* Supplied entries:
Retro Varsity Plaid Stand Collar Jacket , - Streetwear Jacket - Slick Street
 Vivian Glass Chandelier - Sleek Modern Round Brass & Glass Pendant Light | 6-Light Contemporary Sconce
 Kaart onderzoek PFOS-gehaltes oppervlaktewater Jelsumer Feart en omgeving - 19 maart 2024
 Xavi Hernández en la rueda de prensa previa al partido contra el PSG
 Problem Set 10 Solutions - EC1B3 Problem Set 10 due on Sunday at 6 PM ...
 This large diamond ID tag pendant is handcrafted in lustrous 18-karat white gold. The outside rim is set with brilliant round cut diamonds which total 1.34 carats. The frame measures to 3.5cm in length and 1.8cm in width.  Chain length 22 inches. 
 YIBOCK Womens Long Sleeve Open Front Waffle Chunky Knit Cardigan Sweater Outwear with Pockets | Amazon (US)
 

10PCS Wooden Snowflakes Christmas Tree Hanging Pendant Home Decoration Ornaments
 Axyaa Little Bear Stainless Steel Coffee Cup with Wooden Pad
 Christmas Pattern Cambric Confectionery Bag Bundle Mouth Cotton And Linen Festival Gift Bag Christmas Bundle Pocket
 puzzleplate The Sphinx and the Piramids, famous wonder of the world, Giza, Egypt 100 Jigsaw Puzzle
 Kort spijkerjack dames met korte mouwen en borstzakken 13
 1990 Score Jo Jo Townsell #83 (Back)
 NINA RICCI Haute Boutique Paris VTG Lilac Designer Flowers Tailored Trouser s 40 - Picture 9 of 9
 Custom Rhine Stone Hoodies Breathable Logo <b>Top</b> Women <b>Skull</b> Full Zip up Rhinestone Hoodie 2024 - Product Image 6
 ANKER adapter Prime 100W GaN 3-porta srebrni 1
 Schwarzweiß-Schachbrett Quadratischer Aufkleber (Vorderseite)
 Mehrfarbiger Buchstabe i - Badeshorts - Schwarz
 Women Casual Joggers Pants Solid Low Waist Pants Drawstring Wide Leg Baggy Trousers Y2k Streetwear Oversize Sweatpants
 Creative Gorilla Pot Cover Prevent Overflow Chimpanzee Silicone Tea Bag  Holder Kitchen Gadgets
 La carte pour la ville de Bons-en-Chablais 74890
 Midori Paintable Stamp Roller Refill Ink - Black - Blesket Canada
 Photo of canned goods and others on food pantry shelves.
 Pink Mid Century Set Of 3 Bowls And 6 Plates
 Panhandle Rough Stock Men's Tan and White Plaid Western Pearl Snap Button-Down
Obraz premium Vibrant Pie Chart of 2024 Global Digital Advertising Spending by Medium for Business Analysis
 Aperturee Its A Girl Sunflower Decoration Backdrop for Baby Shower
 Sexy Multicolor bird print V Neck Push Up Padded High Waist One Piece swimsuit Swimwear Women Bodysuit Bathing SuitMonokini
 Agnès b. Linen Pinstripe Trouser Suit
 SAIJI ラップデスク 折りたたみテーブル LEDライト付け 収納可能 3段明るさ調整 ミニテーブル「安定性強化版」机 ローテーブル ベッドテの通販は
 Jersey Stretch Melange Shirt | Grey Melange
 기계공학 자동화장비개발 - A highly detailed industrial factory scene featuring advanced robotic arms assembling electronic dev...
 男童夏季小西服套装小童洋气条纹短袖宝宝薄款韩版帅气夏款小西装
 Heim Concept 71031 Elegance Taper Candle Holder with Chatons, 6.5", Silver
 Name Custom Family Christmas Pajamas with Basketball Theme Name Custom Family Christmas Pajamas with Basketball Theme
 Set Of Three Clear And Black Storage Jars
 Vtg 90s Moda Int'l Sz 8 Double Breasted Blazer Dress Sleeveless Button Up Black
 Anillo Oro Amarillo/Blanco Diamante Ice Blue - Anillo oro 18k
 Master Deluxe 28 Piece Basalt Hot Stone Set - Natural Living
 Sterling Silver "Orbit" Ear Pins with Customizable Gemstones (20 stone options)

* Work order: Among the entries above, the lines between the ones containing "Women Casual Joggers" and "Name Custom Family Christmas Pajamas with Basketball Theme Name", inclusive, are to be transcribed exactly. No other line is to be given.

* Solution:
 Women Casual Joggers Pants Solid Low Waist Pants Drawstring Wide Leg Baggy Trousers Y2k Streetwear Oversize Sweatpants
 Creative Gorilla Pot Cover Prevent Overflow Chimpanzee Silicone Tea Bag  Holder Kitchen Gadgets
 La carte pour la ville de Bons-en-Chablais 74890
 Midori Paintable Stamp Roller Refill Ink - Black - Blesket Canada
 Photo of canned goods and others on food pantry shelves.
 Pink Mid Century Set Of 3 Bowls And 6 Plates
 Panhandle Rough Stock Men's Tan and White Plaid Western Pearl Snap Button-Down
Obraz premium Vibrant Pie Chart of 2024 Global Digital Advertising Spending by Medium for Business Analysis
 Aperturee Its A Girl Sunflower Decoration Backdrop for Baby Shower
 Sexy Multicolor bird print V Neck Push Up Padded High Waist One Piece swimsuit Swimwear Women Bodysuit Bathing SuitMonokini
 Agnès b. Linen Pinstripe Trouser Suit
 SAIJI ラップデスク 折りたたみテーブル LEDライト付け 収納可能 3段明るさ調整 ミニテーブル「安定性強化版」机 ローテーブル ベッドテの通販は
 Jersey Stretch Melange Shirt | Grey Melange
 기계공학 자동화장비개발 - A highly detailed industrial factory scene featuring advanced robotic arms assembling electronic dev...
 男童夏季小西服套装小童洋气条纹短袖宝宝薄款韩版帅气夏款小西装
 Heim Concept 71031 Elegance Taper Candle Holder with Chatons, 6.5", Silver
 Name Custom Family Christmas Pajamas with Basketball Theme Name Custom Family Christmas Pajamas with Basketball Theme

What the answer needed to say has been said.